Parking meters for Georgetown this year
Senior City Hall officials are pushing more aggressive rates and taxes collection and new business initiatives as mechanisms for generating more income in 2008.
Deputy Mayor and Chairman of the Council’s Finance Committee Robert Williams told Stabroek Business earlier this week that City Hall has already put in train measures to correct long-standing irregularities in several business operations in the city that have denied the Council millions of dollars in revenue over the years.
Williams explained that there are several properties that have previously been empty lots or have been serving as dwelling houses that have now been converted into business premises or storage bonds but continue to pay the residential rate of 40 per cent of the assessed value of the properties rather than the 240 per cent rate that applies in the cases of properties used for commercial purposes.
He disclosed that the Council has already assigned officers to investigate these anomalies and that the exercise will be targeting buildings that have been erected on previously empty lots, buildings that have been extended and premises that have been converted to commercial use. The exercise will target business premises on Regent street in the first instance.
While Williams has said that the regularization exercise will be undertaken through negotiations with delinquent business houses, some businessmen with whom Stabroek Business spoke said that the exercise being undertaken by the municipality may involve litigation in some cases.

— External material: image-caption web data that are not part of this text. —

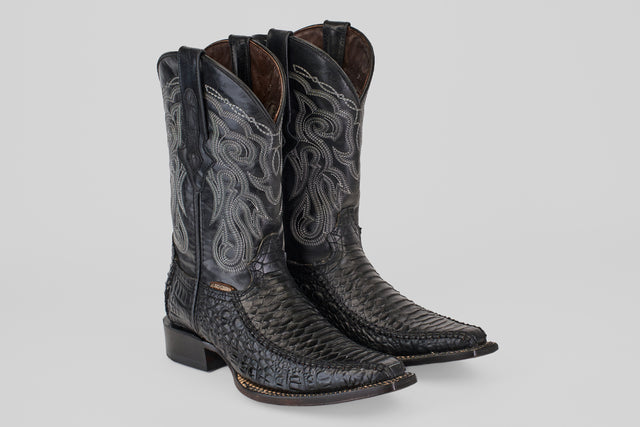 A pair of Python Black - Embossed Leather - Versy Toe (E202) cowboy boots with intricate silver stitching, pointed toes, and stacked heels is displayed on a plain light gray background.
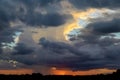 Sunset with dark clouds, rain, tornado or hurricane Royalty Free Stock Photo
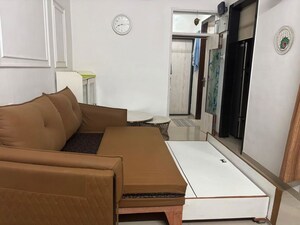 Living Room in 1 BHK Apartment at Hyde Park CHS, Kharghar – for Rent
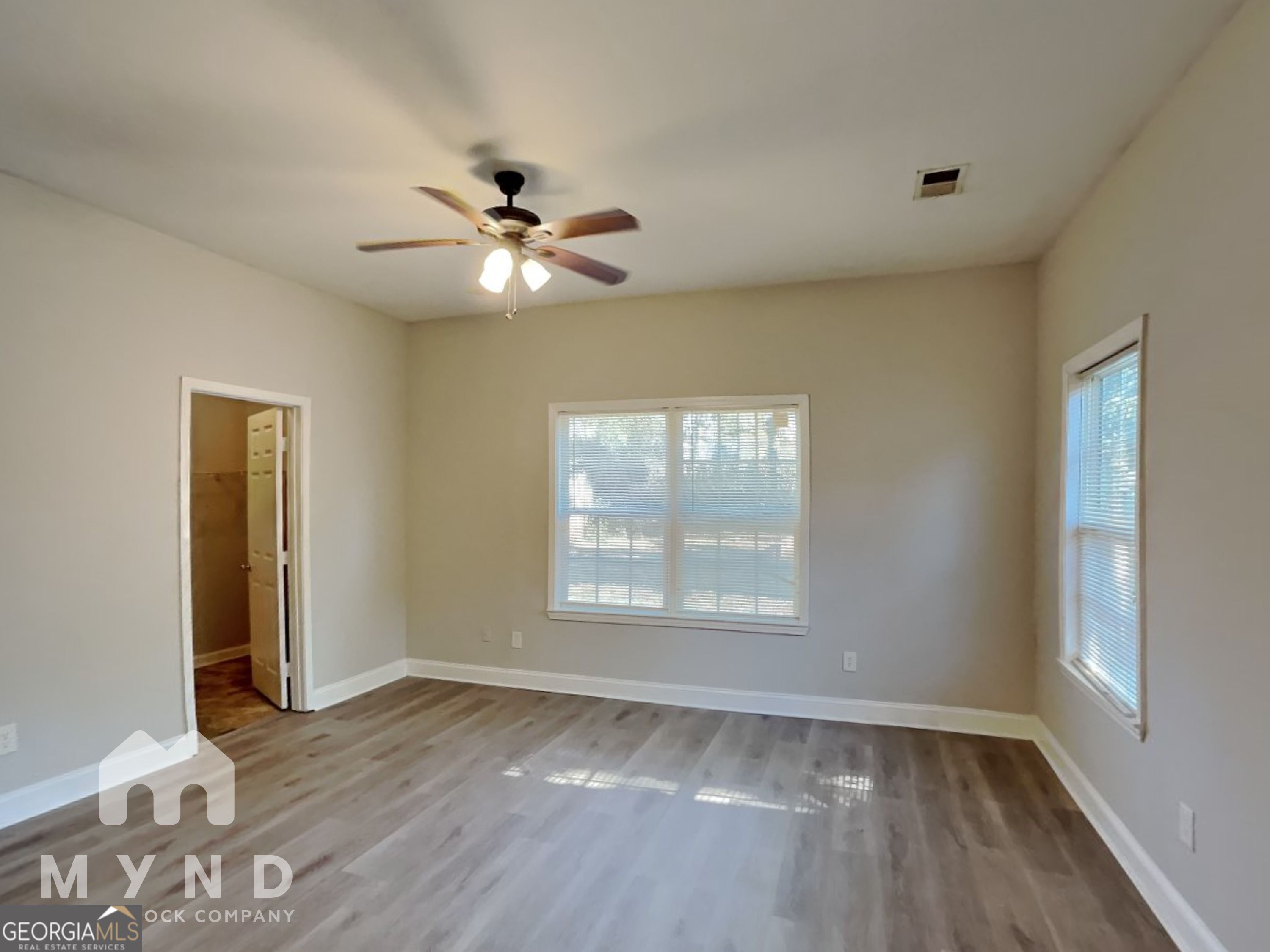 1708 Evans Drive Southwest Atlanta, GA 30310 - Photo 4 of 14 a view of empty room with wooden floor and fan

Meanwhile, the introduction of parking meters in sections of the city and the ‘franchising out’ of empty lots owned by the Council are among the income-generating measures which City Hall says it will be instituting this year. Williams told Stabroek Business that the Council will shortly be placing public advertisements in the media inviting potential investors to apply for franchises to occupy and use the empty lots. He said that the Council envisaged that the lots could be used by developers to establish recreational and commercial facilities for public use. Williams said that there are approximately 15 such sites around Georgetown.
And the municipality’s Public Relations Officer Royston King has told this newspaper that plans are already in train to install parking meters in sections of the city later this year. King told Stabroek Business that the Council has already engaged an investor in discussions over the provision and servicing of the meters. He said that the meters will be installed primarily in the usually congested Stabroek area and that they will serve the twin-purpose of easing traffic congestion and garnering revenue for the Council.